Maria2007 on Wed 03-Dec-08 17:36:15
"Personally I also jump at my 4 month's old every cry (a bit of PFB there ) but you know, in previous generations babies' cries WERE NOT seen in the way we see them now. My mum & many other mums in her generation would feel it was perfectly ok- even necessary- to leave their babies to cry because they saw them very differently from how we see children today. The way we see children (how a certain culture sees children) changes all the time. As for the evolutionary purpose behind all this, I personally really really have a problem with psychological theories that use evolutionary arguments, they don't convince me at all, but that's my personal point of view. "
I know it's a bit late, but I just wanted to comment on the earlier-generations bit.
I have seen plenty of evidence from the early 20th century that the leaving-the-baby to cry was not necessarily something the mothers did as a matter of course; for some, it was something that they were told they had to do by health professionals, it was a view peddled by (American gurus). You will find an example of this in the last Anne of Green Gables books, where the girl believes she has to leave her adopted baby to cry because that's what the book says and then in the end she gives in and that's where her maternal feelings really start. In fact, there are such mentions about separate incidents in that book. And I've seen them in other literature from the time, so this clearly was a concern.
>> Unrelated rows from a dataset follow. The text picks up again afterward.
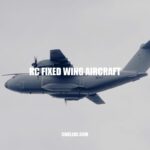 RC Fixed-Wing Aircraft: Types, Materials, Flying Tips, and Maintenance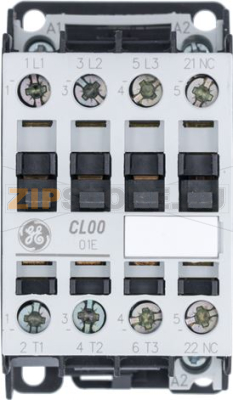 CONTACTOR GENERAL ELECTRIC CL00A301T6 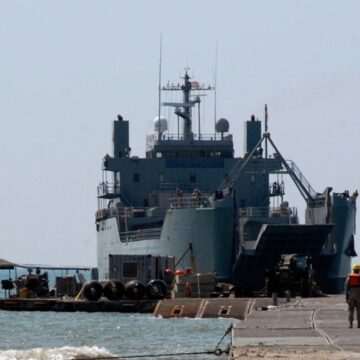 Al doilea vas cu ajutor umanitar pentru Fâşia Gaza este pregătit pentru plecare din Cipru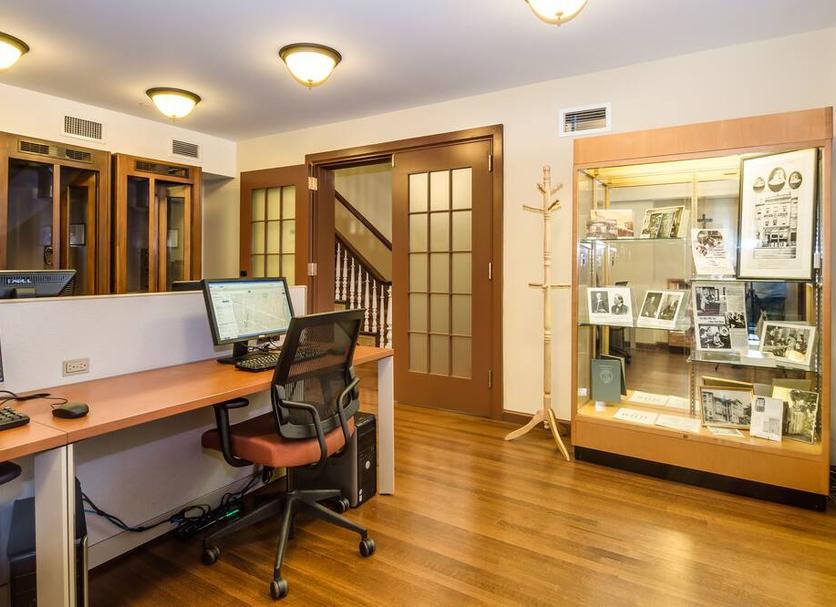 Business Center Foto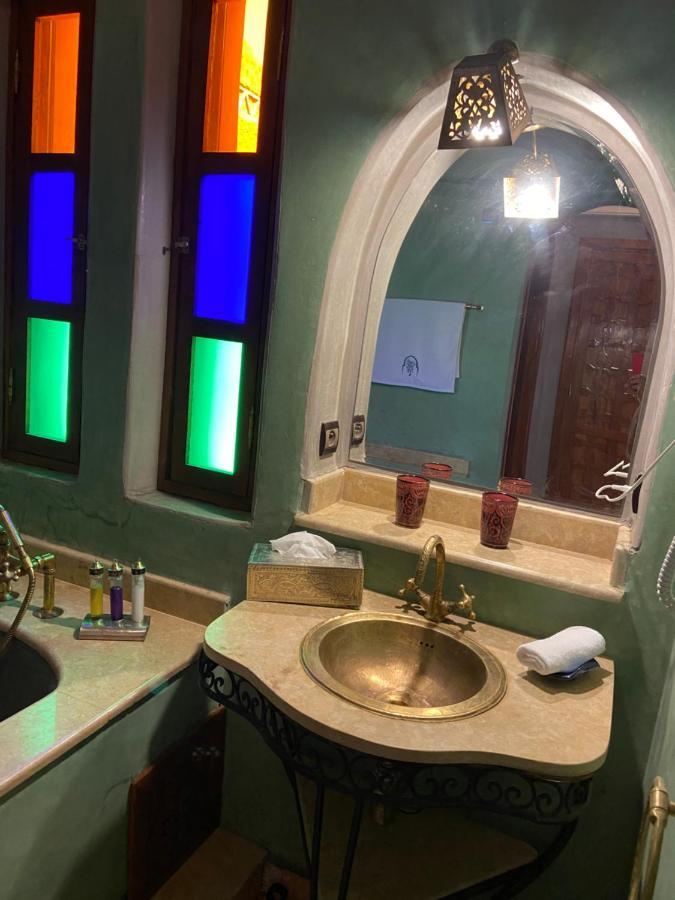Ouled Moumen Les Jardins De Marrakech酒店 外观 照片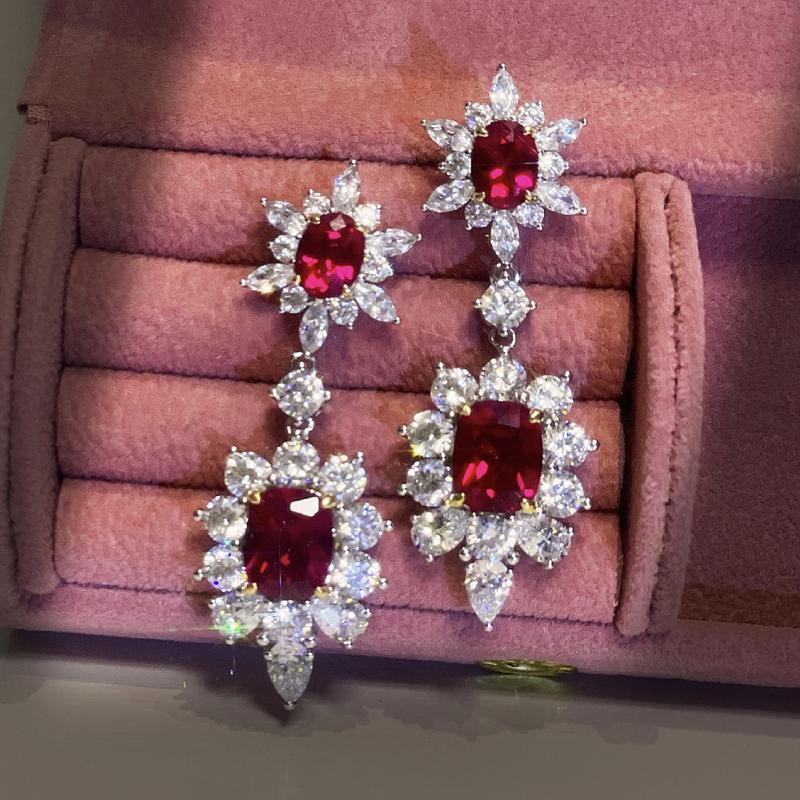 Huitan Gorgeous Women s Stud Earrings Full with Dazzling CZ Stone Sparkling Ear Piercing Earrings Party Jewelry
Huitan Gorgeous Women s Stud Earrings Full with Dazzling CZ Stone Sparkling Ear Piercing Earrings Party Jewelry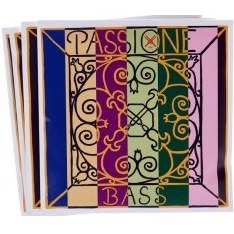 Resim Pirastro Passione Soloist Kontrabas Teli 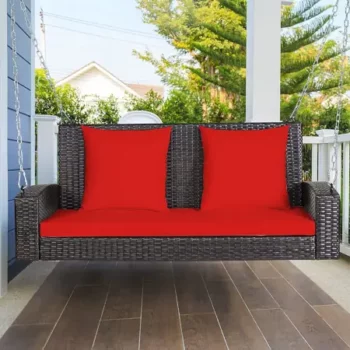 Rattan Porch Swings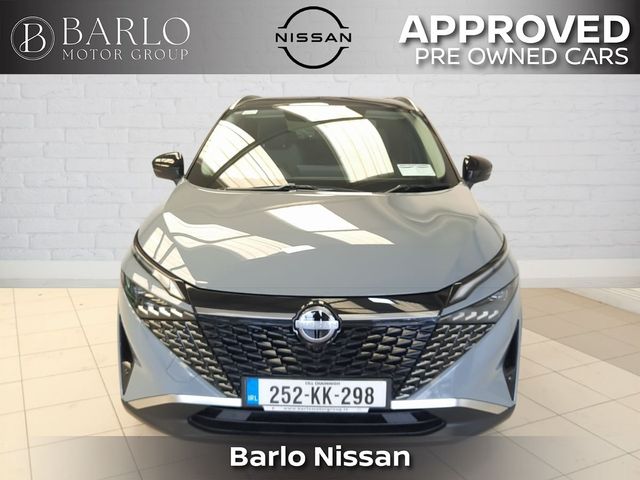 Image for 2025 Nissan Qashqai 1.3 PET MILD HYBRID SV PREMIUM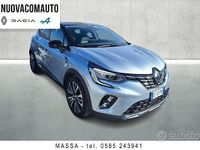 Usata Renault Captur Initiale Paris 143 CV (105 kW) 2021 Argento SUV
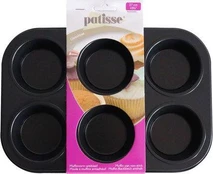 Patisse Muffin formelės 6 vnt. Patisse 27 cm Klasikinis universalus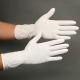 Disposable Powdered Nitrile Latex Gloves Convenient Uniform Thickness Distribution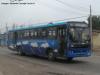 Induscar Caio Apache S21 / Mercedes Benz OF-1721 / I. M. de Los Andes (Región de Valparaíso)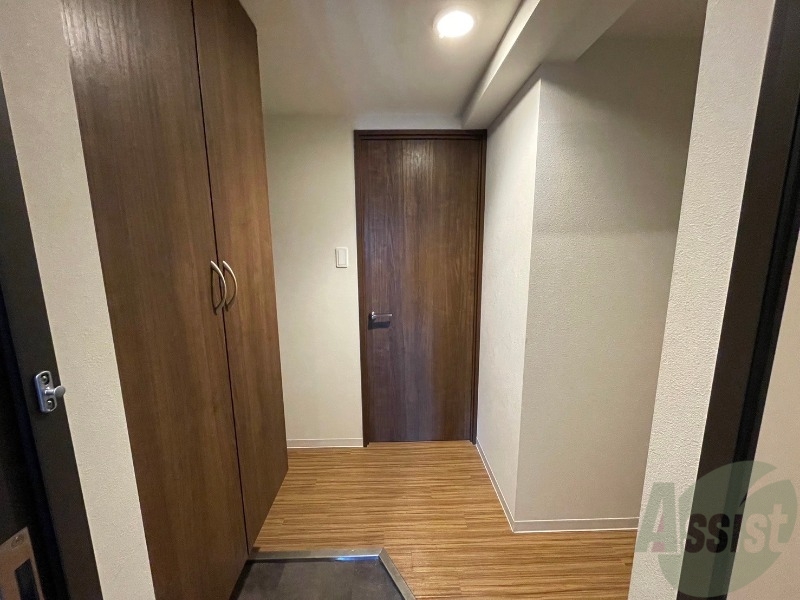 玄関　お部屋の第一印象を決める玄関はこちらです！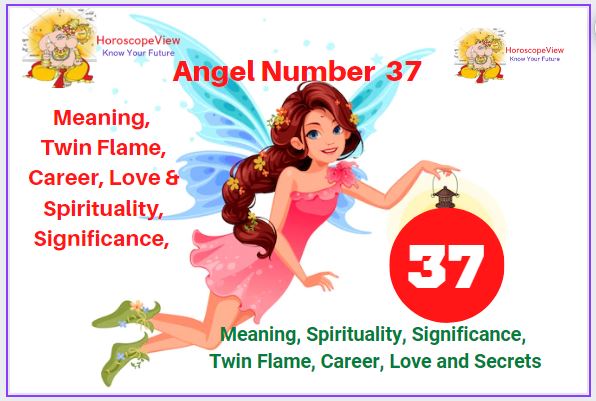 37 angel number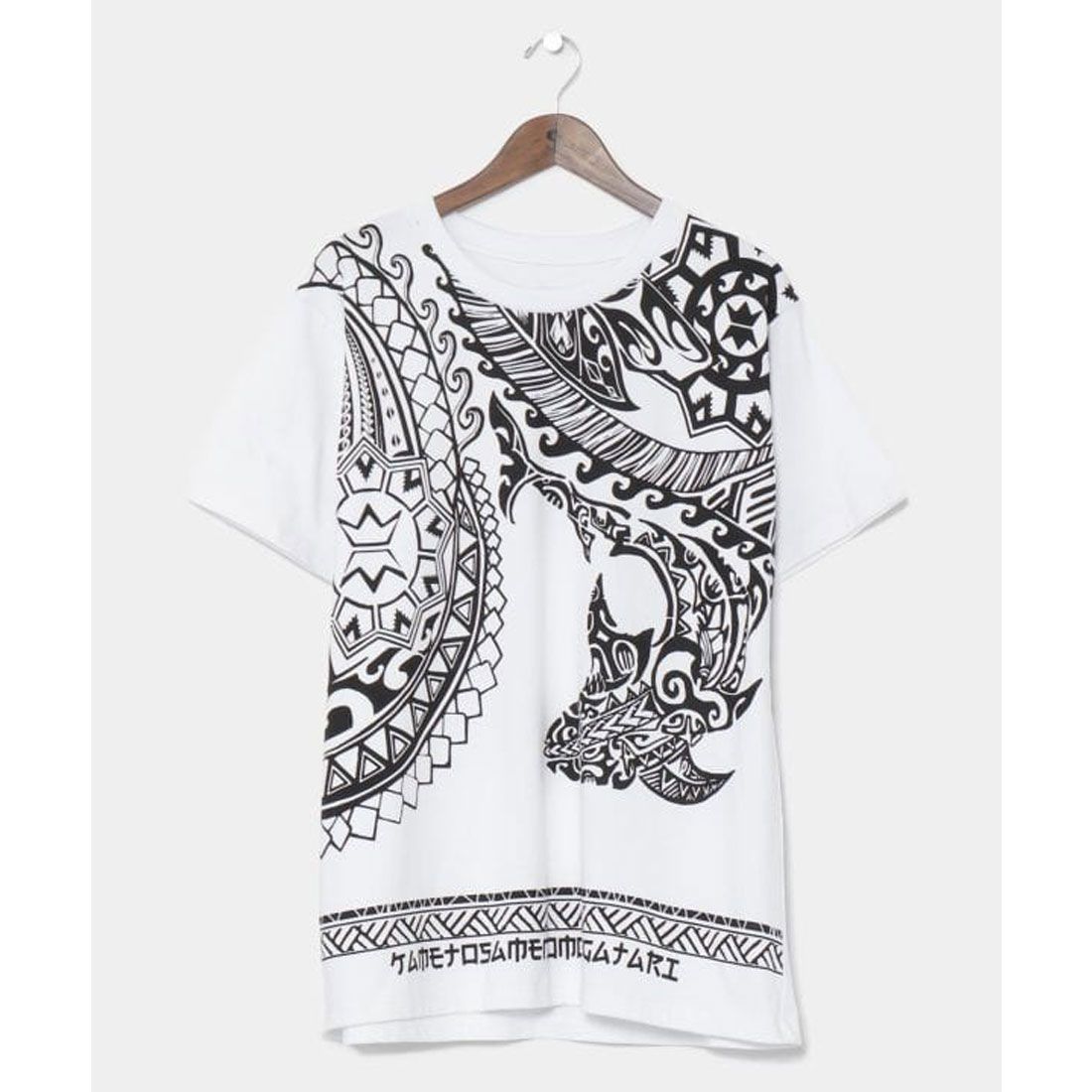 【チャイハネ】洋輔×Amina メッカーTシャツ レッド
I have also heard it myself from Mums of the post-war generations: that they wanted to pick their baby up but that the book said they musn't.
I think it is a mistake to believe that earlier generations dealt with babies according to their natural instincts and were immune to guru pressure. Women have been able to read for a long, long time and there have always been men experts happy to tell them how they ought to feel.
The baby-will-be-spoiled-by-an-overattached-mother is an attitude that you will see in childcare literature at least as far back as the Victorian era; probably further. Yes, it tells us that the experts believed in routine- but it also tells us that some mothers didn't and that there was a certain amount of agonising going on even in the earlier eras. Non?